## HOW TO COMPLETE THIS TASK
Beginning with the line containing "登山比赛部分获奖者合影" and ending at the last line of the data, set down every line exactly, leaving out all pictures.

## MATERIAL FOR THIS TASK
──────

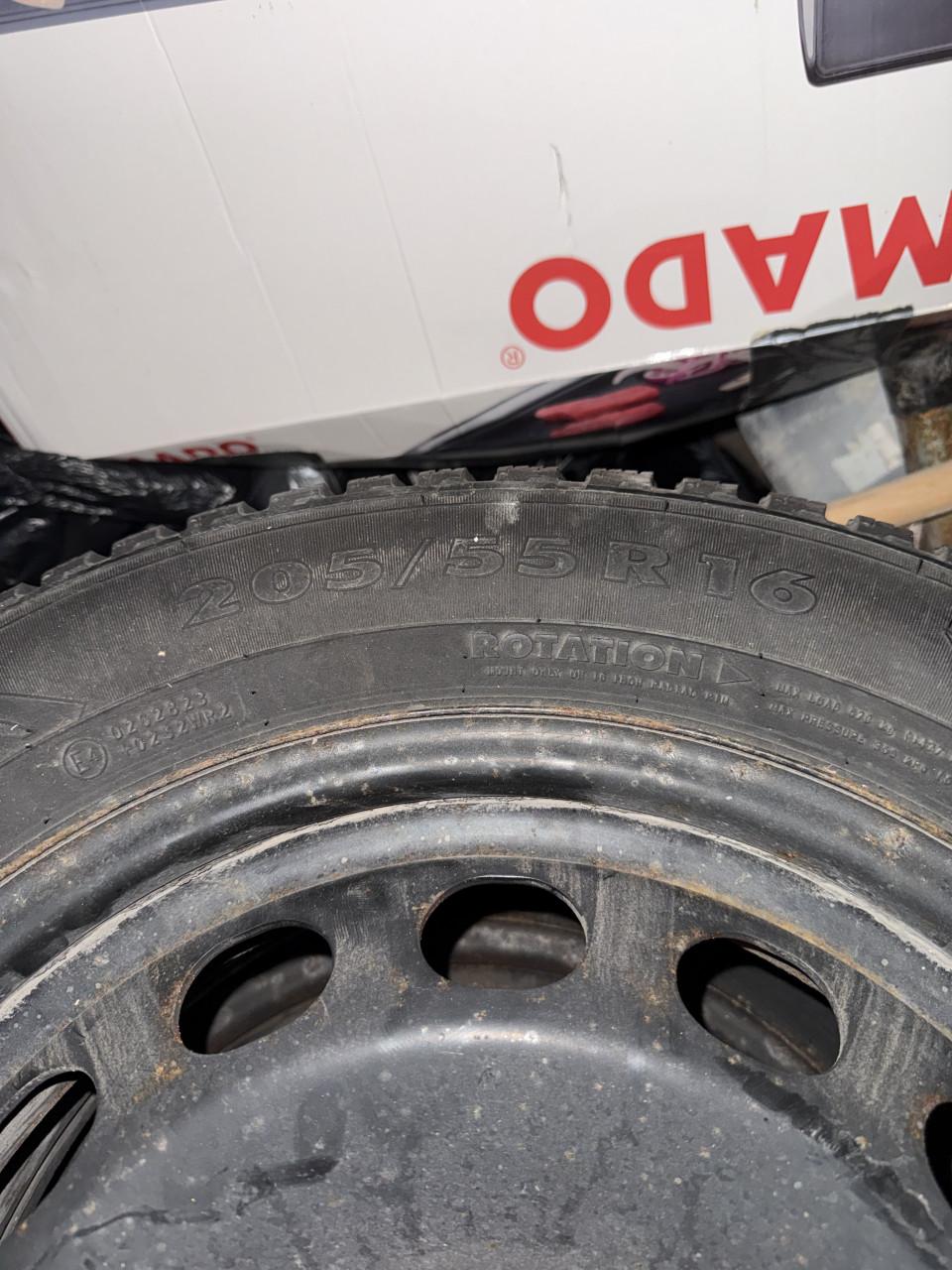 Spijkerbanden 205/55 R16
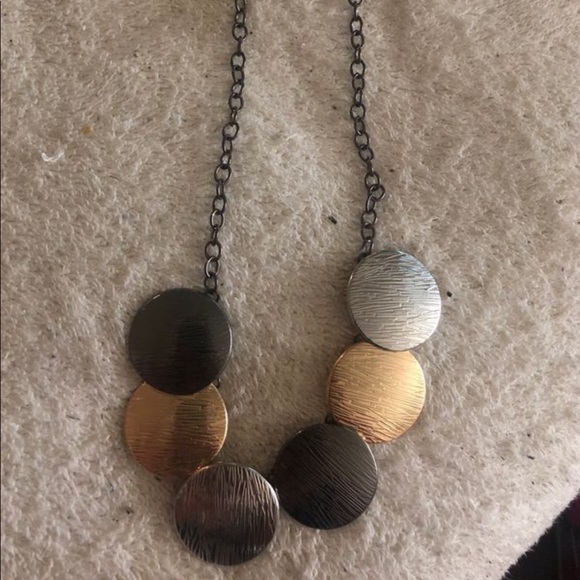 Necklace with matching earrings - Picture 1 of 2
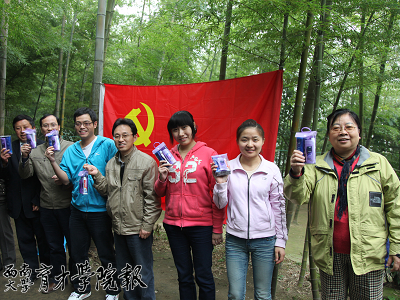 登山比赛部分获奖者合影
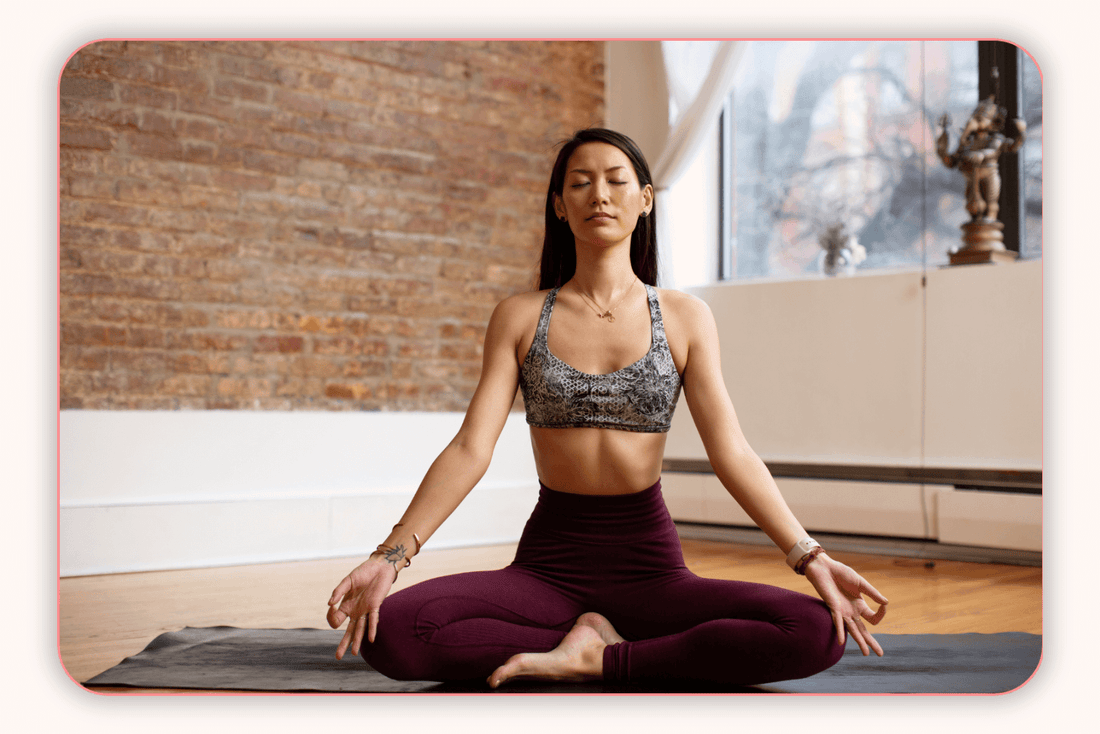 5 Postures de Yoga pour Soulager les Crampes Menstruelles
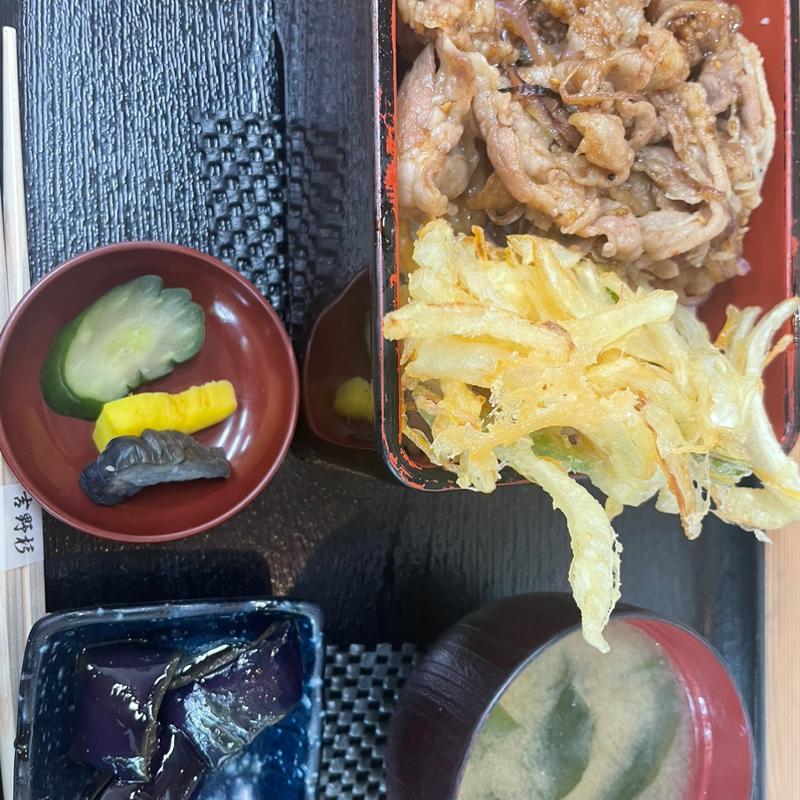 ヤマトポーク生姜焼き重(レストラン　ときん )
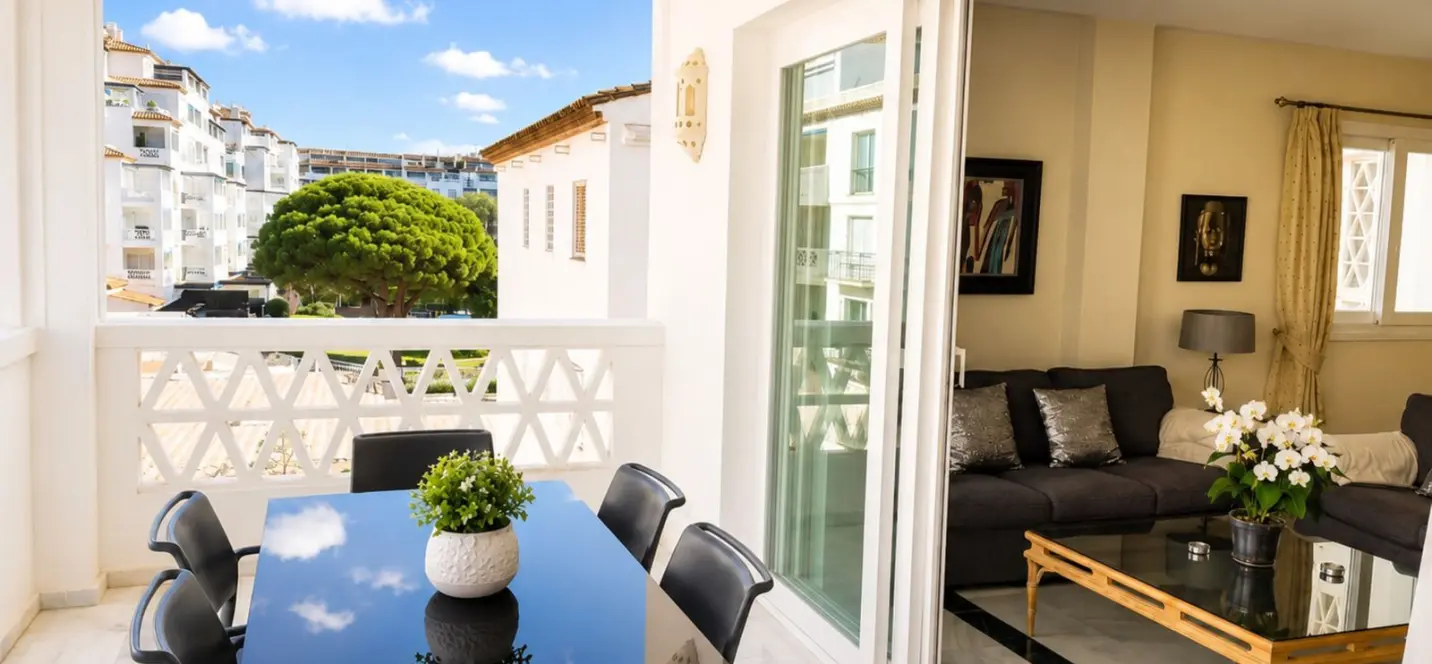 Sale of middle floor apartment in Puerto Banús 0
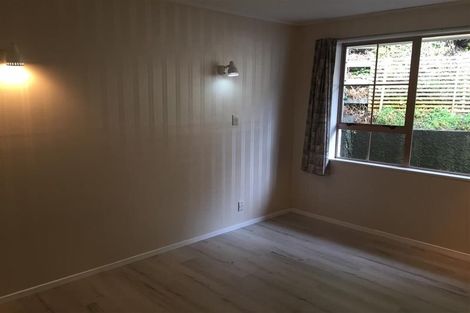 Photo of property in 2 Kilsyth Street, Karori, Wellington, 6012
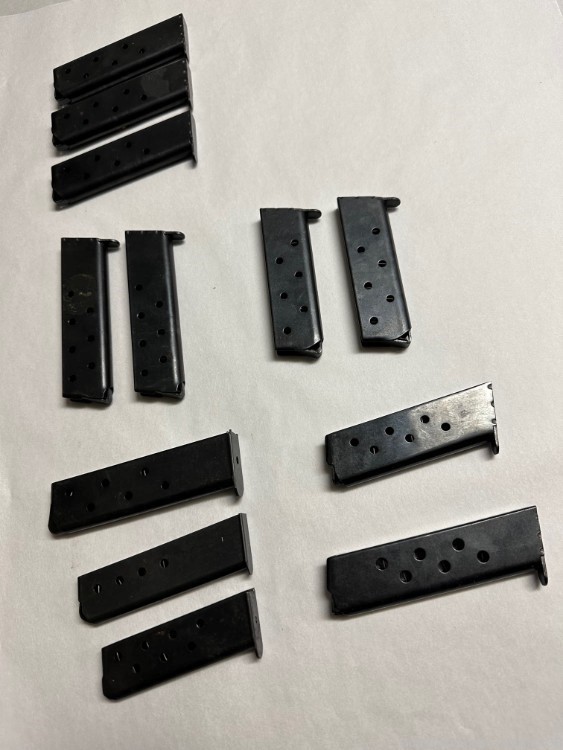 1 LOT OF 12 UNKNOWN PISTOL MAGAZINES-img-0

──────

## RESPONSE TO THE EXERCISE
 登山比赛部分获奖者合影
 5 Postures de Yoga pour Soulager les Crampes Menstruelles
 ヤマトポーク生姜焼き重(レストラン　ときん )
 Sale of middle floor apartment in Puerto Banús 0
 Photo of property in 2 Kilsyth Street, Karori, Wellington, 6012
 1 LOT OF 12 UNKNOWN PISTOL MAGAZINES-img-0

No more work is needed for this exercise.